(Exercise)
Transcribe exactly, and only, the lines running from the one that contains "Running Shoes Vs" through the last line of the material. No pictures.

(Recorded information)
# # # # # # #
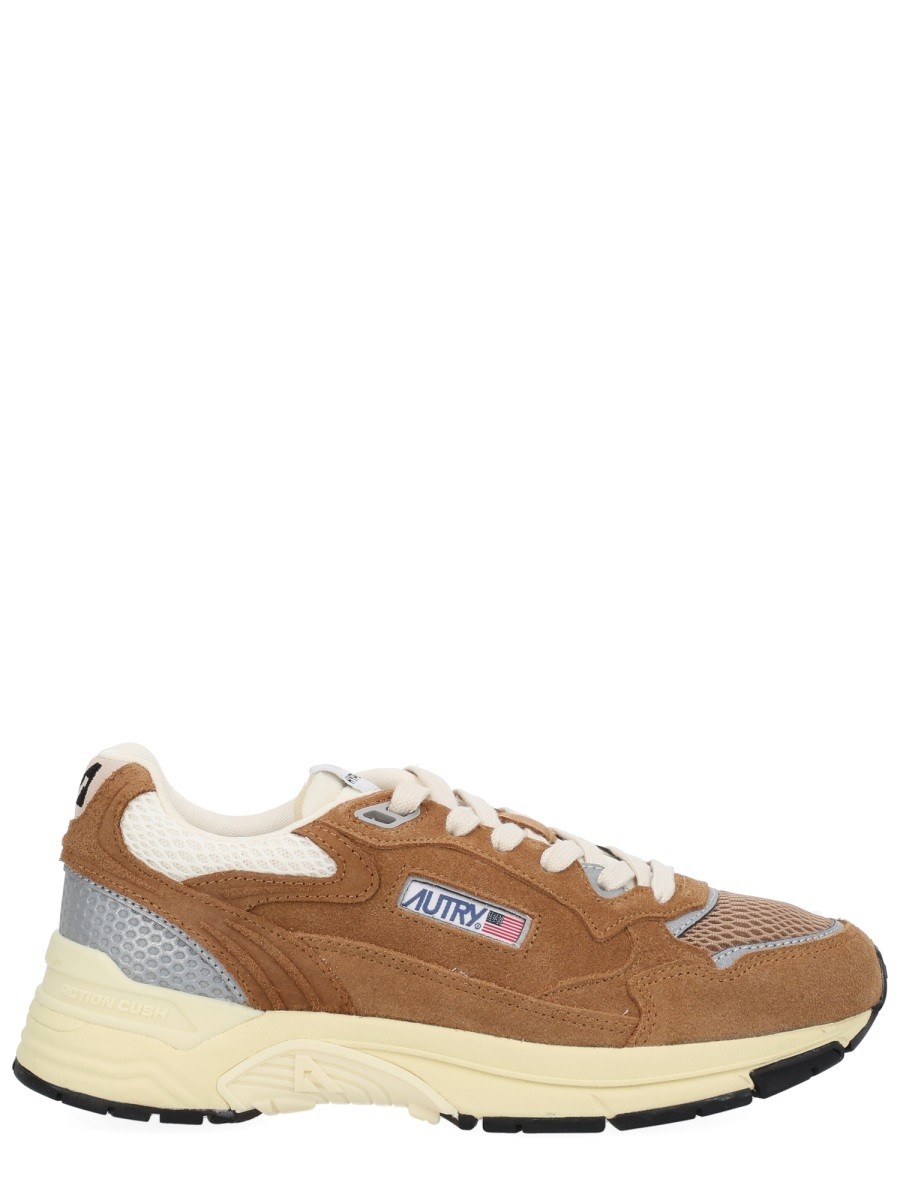Refresh your wardrobe with the Autry men's "HYPERWAY" SNEAKER in Brown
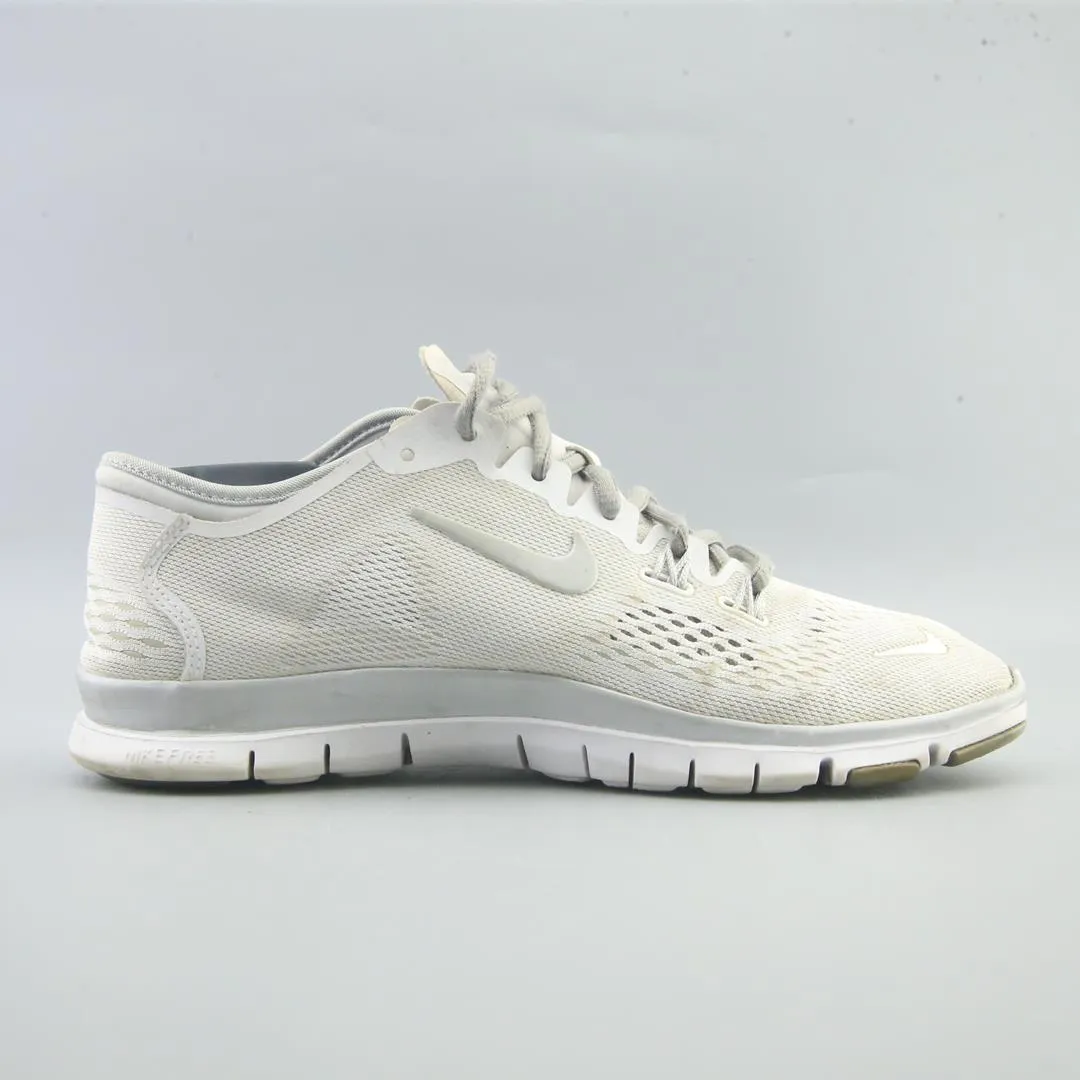 Running Shoes Vs Trail Runners NIKE FREE 5.0 TR FIT 4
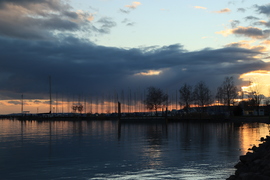 ALKONYATI FÉNYEK A PARTON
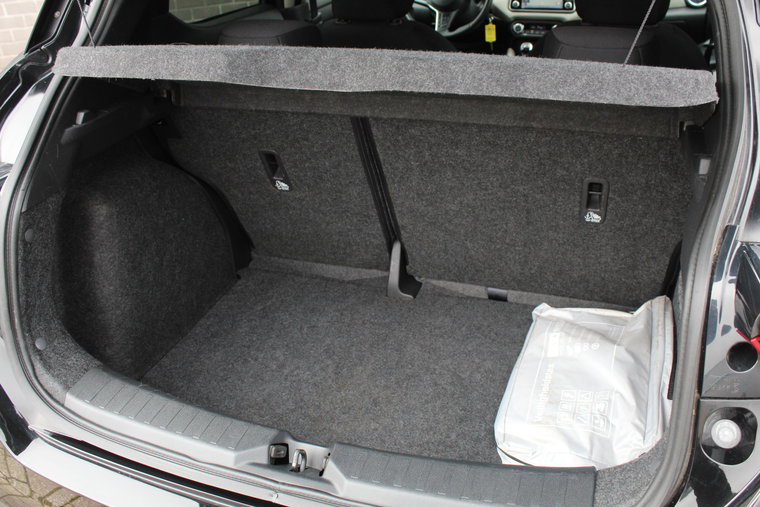 Vehicle Image 24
# # # # # # #
(Solved exercise)
 Running Shoes Vs Trail Runners NIKE FREE 5.0 TR FIT 4
 ALKONYATI FÉNYEK A PARTON
 Vehicle Image 24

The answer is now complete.